Within the material below, transcribe exactly the lines from the one holding "Mimi🪽🔞 tweet media" through the one holding "Chinese Airborne Forces", keeping both ends and skipping the rest.

## Records shown
* * *
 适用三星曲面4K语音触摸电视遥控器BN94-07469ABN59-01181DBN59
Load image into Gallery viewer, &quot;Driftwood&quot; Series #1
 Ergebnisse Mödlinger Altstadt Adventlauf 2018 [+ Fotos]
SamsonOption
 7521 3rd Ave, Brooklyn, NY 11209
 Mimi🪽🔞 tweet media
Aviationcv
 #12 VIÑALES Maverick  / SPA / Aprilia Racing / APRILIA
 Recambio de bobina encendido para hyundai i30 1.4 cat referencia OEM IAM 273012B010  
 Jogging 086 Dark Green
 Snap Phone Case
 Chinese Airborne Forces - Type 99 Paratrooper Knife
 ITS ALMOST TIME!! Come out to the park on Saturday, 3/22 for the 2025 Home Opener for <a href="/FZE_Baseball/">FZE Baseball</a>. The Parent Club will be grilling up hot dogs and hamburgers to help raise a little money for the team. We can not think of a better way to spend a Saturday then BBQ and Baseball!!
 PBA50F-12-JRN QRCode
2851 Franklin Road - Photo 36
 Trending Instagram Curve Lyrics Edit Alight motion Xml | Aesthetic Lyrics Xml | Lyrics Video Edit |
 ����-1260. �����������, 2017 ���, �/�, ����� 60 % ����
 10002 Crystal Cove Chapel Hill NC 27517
* * *
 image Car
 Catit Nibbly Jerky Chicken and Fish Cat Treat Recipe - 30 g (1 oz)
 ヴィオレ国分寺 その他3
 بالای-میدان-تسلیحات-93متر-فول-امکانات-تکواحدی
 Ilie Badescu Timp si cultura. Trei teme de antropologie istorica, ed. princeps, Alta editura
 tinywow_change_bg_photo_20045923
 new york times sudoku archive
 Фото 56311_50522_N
* * *
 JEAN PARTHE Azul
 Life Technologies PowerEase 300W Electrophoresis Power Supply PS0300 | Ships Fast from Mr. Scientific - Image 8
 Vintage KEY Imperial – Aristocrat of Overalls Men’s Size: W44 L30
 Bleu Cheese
* * *
## Reply
 Mimi🪽🔞 tweet media
Aviationcv
 #12 VIÑALES Maverick  / SPA / Aprilia Racing / APRILIA
 Recambio de bobina encendido para hyundai i30 1.4 cat referencia OEM IAM 273012B010  
 Jogging 086 Dark Green
 Snap Phone Case
 Chinese Airborne Forces - Type 99 Paratrooper Knife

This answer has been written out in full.